First Reference:  Hemlandet (Galesburg, Illinois), newspaper clipping, 4 October 1882, p. 7, "Dode," obituary listing for Anders Lundqvist; photocopy provided by Swenson Swedish Immigration Research Center, Rock Island, IL, from the EmiWeb Swedish-American obituaries database (http://www.emiweb.eu). without identification of column.

Second Reference: Hemlandet, 4 Oct 1882, p. 7, "Dode," obituary listing for Anders Lundqvist.

Bibliography: Hemlandet. Galesburg, Illinois. Swenson Swedish Immigration Research Center. Rock Island, Illinois. IL) from the EmiWeb Swedish-American obituaries database (http://www.emiweb.eu).
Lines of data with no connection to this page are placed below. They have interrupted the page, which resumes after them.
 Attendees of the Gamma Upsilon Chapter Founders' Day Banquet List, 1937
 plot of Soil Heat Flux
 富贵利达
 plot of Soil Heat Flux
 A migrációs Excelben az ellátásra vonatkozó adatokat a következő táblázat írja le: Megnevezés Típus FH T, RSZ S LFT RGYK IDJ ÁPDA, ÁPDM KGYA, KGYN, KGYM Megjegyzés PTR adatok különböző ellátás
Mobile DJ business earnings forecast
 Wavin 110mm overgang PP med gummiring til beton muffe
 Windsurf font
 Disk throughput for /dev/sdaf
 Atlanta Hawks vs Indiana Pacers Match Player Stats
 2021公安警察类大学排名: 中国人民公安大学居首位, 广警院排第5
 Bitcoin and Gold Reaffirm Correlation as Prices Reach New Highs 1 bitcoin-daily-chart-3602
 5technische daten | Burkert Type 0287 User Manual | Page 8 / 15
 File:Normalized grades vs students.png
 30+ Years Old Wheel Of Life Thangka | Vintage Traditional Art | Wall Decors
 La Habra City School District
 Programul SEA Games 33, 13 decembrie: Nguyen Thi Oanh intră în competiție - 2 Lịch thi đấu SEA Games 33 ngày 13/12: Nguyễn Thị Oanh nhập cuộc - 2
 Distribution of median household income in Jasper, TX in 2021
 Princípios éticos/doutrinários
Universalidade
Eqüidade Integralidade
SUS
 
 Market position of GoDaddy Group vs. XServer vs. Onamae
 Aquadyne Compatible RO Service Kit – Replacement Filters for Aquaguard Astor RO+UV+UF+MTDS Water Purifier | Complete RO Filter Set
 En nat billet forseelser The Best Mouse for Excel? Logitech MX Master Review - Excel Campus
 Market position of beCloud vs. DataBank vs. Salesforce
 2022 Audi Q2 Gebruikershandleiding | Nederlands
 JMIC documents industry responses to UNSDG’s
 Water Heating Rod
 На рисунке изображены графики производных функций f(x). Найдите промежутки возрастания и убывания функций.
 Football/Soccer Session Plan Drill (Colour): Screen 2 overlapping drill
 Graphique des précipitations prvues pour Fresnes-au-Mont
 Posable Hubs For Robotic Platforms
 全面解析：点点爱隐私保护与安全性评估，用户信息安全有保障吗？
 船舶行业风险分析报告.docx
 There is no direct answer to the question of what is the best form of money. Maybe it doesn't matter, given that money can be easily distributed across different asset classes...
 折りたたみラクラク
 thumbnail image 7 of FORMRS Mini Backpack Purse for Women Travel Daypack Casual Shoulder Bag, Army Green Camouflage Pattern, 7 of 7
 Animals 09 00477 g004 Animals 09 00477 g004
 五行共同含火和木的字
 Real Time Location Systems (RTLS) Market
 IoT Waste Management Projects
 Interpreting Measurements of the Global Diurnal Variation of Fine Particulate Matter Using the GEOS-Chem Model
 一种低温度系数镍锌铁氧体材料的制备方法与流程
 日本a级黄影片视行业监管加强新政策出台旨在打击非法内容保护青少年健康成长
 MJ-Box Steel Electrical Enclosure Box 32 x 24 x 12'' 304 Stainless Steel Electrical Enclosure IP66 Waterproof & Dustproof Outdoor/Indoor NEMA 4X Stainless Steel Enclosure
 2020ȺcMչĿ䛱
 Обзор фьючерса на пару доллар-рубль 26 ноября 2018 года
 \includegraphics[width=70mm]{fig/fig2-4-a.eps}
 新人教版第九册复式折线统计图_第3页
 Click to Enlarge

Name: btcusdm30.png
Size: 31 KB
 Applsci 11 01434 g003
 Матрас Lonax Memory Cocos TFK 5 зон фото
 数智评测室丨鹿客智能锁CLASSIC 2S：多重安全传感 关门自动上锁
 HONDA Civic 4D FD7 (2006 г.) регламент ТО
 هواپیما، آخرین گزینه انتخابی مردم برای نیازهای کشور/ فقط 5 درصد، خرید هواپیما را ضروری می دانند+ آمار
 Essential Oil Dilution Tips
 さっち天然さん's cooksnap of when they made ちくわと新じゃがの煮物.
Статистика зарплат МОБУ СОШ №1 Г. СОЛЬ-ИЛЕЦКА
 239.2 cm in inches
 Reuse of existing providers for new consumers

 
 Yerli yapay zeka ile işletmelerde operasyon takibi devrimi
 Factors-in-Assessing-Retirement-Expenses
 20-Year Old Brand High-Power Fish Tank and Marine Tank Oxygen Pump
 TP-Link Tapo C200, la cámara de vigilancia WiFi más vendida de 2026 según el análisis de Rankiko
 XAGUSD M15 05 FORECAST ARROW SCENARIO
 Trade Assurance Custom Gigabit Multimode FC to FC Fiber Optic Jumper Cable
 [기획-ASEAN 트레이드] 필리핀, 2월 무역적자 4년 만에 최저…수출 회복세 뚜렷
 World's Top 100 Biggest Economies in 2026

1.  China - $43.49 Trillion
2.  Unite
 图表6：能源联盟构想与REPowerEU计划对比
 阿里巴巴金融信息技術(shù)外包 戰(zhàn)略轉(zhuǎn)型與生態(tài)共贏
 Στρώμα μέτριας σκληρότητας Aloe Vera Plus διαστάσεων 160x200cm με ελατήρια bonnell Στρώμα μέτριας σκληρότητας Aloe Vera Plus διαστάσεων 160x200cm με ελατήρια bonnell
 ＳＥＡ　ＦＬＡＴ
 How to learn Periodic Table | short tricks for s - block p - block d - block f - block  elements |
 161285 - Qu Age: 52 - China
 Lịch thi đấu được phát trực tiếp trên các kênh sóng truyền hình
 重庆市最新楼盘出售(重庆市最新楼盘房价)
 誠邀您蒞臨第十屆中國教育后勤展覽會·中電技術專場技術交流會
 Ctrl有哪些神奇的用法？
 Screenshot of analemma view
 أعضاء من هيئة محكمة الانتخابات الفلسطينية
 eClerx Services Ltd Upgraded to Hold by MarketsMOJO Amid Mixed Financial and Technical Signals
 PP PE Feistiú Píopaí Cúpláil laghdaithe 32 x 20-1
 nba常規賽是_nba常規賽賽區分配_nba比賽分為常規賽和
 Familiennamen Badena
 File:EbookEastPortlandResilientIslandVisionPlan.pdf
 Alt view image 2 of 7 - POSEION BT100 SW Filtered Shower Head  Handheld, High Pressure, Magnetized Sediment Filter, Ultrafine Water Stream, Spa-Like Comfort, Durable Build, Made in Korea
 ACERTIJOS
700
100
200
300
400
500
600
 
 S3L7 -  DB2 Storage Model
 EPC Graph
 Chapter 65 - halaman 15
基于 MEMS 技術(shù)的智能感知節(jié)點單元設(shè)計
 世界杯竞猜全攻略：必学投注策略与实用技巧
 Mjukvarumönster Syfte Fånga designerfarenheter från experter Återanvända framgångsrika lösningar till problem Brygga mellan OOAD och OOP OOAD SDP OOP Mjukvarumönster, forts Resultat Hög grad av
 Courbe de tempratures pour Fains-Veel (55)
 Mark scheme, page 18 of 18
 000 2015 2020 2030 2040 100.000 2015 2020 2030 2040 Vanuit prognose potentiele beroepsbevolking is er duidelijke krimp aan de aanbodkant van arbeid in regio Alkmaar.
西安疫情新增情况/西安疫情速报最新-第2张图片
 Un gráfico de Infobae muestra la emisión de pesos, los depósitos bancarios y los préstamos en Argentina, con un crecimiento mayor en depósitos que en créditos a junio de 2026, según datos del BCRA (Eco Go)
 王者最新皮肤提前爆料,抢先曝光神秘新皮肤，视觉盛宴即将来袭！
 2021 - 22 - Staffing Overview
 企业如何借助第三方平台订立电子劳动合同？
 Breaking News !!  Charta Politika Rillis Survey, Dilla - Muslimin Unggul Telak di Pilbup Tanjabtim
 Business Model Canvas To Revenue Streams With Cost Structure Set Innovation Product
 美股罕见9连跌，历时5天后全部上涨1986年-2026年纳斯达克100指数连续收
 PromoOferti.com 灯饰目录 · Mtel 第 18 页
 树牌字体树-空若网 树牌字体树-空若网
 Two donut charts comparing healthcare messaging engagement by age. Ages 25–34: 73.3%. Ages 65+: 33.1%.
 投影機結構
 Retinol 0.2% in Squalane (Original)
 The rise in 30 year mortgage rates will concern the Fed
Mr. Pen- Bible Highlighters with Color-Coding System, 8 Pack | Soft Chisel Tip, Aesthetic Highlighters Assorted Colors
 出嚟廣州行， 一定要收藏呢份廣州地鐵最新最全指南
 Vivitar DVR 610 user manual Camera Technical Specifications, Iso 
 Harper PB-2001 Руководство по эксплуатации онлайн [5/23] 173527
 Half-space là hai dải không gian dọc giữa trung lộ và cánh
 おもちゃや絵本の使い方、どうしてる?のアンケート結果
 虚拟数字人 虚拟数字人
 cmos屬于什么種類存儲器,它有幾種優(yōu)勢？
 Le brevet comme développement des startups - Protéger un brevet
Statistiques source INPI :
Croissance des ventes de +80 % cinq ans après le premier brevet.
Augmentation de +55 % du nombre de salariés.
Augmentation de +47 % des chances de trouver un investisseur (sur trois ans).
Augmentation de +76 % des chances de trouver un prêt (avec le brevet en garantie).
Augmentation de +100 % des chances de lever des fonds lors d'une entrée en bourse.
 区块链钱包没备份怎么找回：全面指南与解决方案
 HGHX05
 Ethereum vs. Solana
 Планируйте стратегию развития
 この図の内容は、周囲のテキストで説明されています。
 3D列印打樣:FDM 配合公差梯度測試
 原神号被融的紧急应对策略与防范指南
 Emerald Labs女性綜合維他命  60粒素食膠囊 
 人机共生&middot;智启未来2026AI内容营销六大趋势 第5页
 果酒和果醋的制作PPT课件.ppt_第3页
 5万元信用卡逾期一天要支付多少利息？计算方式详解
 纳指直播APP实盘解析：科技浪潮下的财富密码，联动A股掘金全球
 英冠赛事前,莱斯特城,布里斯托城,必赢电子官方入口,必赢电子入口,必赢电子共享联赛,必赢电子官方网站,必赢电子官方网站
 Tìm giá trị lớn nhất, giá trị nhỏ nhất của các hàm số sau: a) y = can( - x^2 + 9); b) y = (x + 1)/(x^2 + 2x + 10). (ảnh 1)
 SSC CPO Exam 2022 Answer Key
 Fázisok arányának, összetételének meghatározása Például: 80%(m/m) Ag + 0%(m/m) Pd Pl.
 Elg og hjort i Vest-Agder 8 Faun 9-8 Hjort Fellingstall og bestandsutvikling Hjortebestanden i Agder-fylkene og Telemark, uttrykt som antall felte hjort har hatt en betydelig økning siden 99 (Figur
You'll also note a couple of other things:

  • The phrase "newspaper clipping" is typically used when we have only a clipping with no indication of the paper. In this, you have an image of the page that fully identifies the paper.
  • I've crossed out the word "listing," from your phrase "obituary listing," because what you are consulting is not just a list of people who died. What we see here is a series of very brief obits.
  • The place name—city and state—for the archive or repository is not placed in parentheses.
  • In a Bibliography or Source List, periods are used to separate each element of the citation. Yes, this point wavers on persnicketiness and rigmarole; but it involves larger issues that do matter, though we need not go into it here because EE covers all that.
  •  

Submitted byLisaGorrellon Thu, 10/29/2015 - 16:22

Another minor question. Since the obituary is in Swedish, should I add "in Swedish" to the citation? I have added to my notes that it is in Swedish and that I created a rough translation using Google Translate for the time being.

First reference note:

Hemlandet (Galesburg, Illinois), 2 Sep 1885, p 5, "Döde," obituary Cajsa Lundquist, in Swedish; photocopy provided by Swenson Swedish Immigration Research Center, without identification of column.

Thank you.

 

Lisa, flip to EE 2.23 "Citing Titles in Foreign Languages" (books), 3.12 "Foreign-Language Titles & Generic Labels (manuscripts), or 7.16 "Record Books with Foreign Language Titles." There are also examples at 3.31, 6.54, 7.18, 7.41, and the QuickCheck Model at p.659.